Last Updated: 2nd Oct 2011

By Jolyon & Katya Ralph

Denver Symposium and Field Trip

Last month I was fortunate enough to be invited to talk at a symposium in Denver about Russian Mineralogy. Here is a quick photo-report from the symposium and the fieldtrip that the invited speakers went on afterwards.

The Symposium was held by the Colorado Chapter of Friends of Mineralogy, the Colorado School of Mines Museum and the Denver Gem and Mineral Show. It was held in the Colorado School of Mines on a beautiful September Saturday.

The School of Mines

Some of the attendees

Igor Pekov from Moscow, Russia gave two talks, one was on the unusual iodide mineralization at the Rubtsovskoe deposit in Russia.

Igor giving his presentation.

Peter Modreski gave a talk entitled "A Comparison of Kola Peninsula Mineral Localities to those of North America"
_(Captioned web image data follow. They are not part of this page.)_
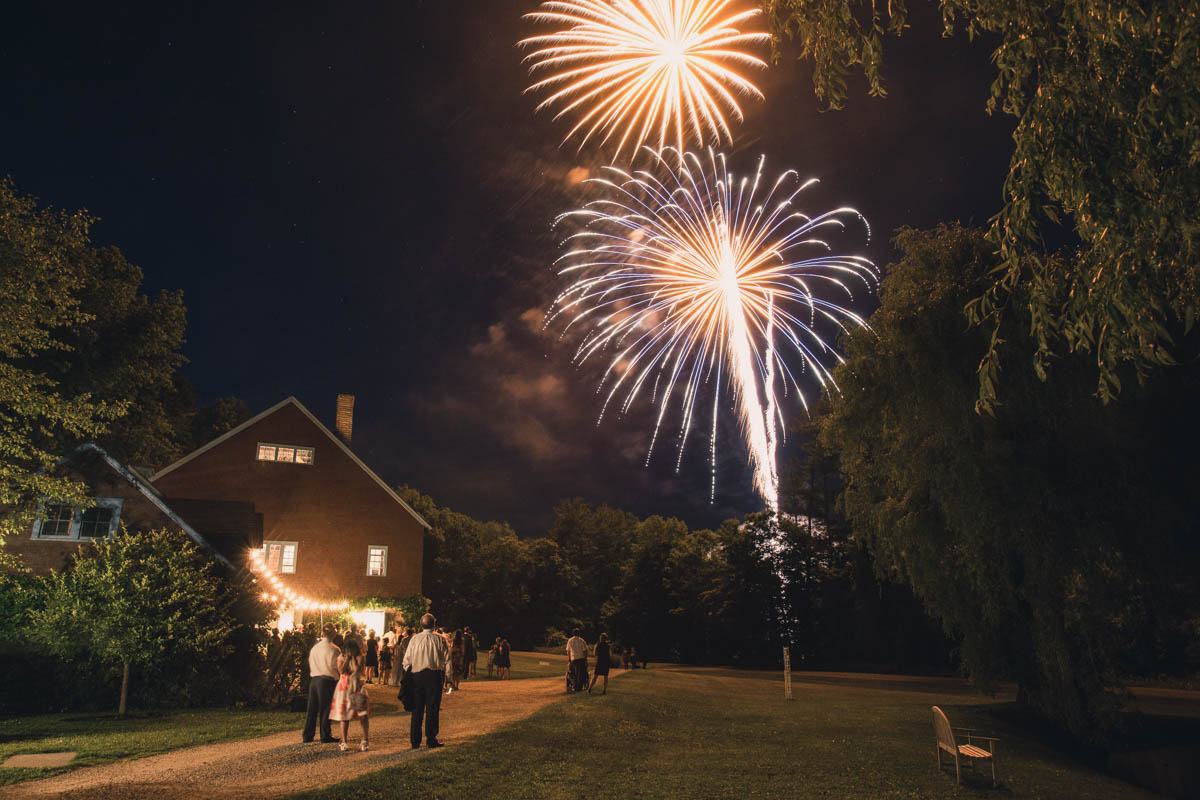 Night scene of colorful fireworks bursting in the sky above a small illuminated house surrounded by trees and people watching the fireworks display at stonover farm in the Berkshires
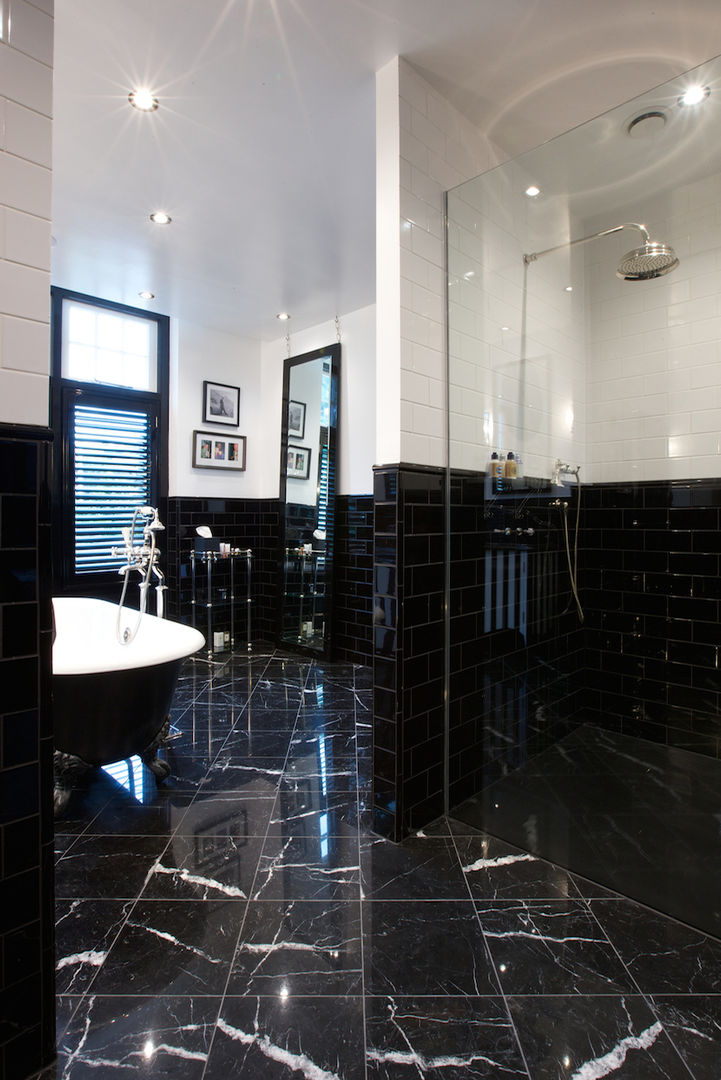 Nero Portofino Marble in a polished finish (designed by Sian Parry Jones). Artisans of Devizes Classic style bathroom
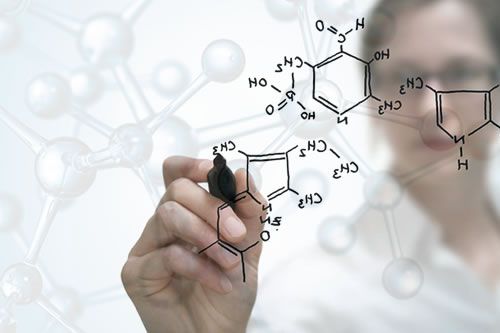 A person is writing a cosmetic formula on a white board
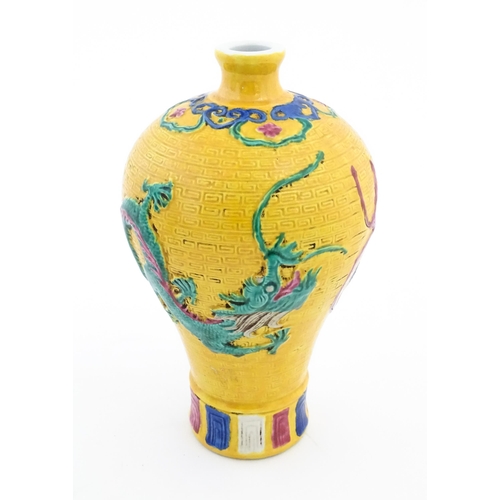 100 - A Chinese vase with relief dragon decoration and banded borders. Character marks under. Approx. 8 1/... 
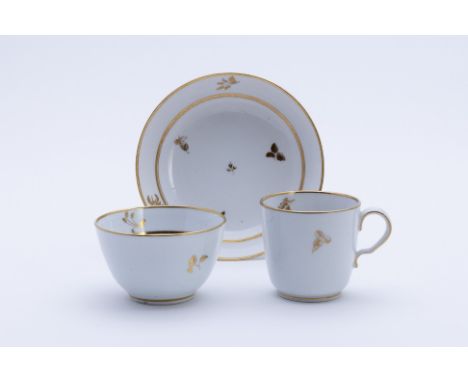 THREE ROYAL WORCESTER AND OTHER TRIOS
Comprising:
A Barr Worcester trio, with a band of trailing foliage, circa 1800, incised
Peter Modreski's presentation

John Watson talked about Anatoly Skrigitil, a Russian mineral collector and dealer who went missing (presumed dead) in suspicious circumstances in 1999

John Watson presenting

I gave two presentations.

Mineral Museums of Moscow

Russian Mineral Classification Systems

After the conference we went on four days of field trip.

Driving away from Denver

First stop, Turkey Creek Canyon, Jefferson County.

Where we collected Sillimanite

Driving into the mountains

We took a group photo, left to right: Igor Pekov, Anna Turchkova, Claudia Watson, Pete Modreski, John Watson and myself

Group photo with the collegiate peaks in the background.

11,312 feet (3.4km) up

First collecting stop was the Powerhorn carbonatite, near Gunnison.

A hill made of carbonatite

Perovskite crystals to 1cm were found in this roadcut

Igor makes a new friend

Igor's friend

The next day we head east to the Pike's Peak batholith, where we have permission to visit the Smoky Hawk amazonite claim.

Digging on the claim


After a successful day in the Lake George area, we head off towards Cripple Creek.

As dusk arises, the scenery is even more beautiful

There's a pot of gold (tellurides) at the end of the rainbow

Next day, we arrive in the town of Victor ready for our tour of the Cripple Creek gold mine.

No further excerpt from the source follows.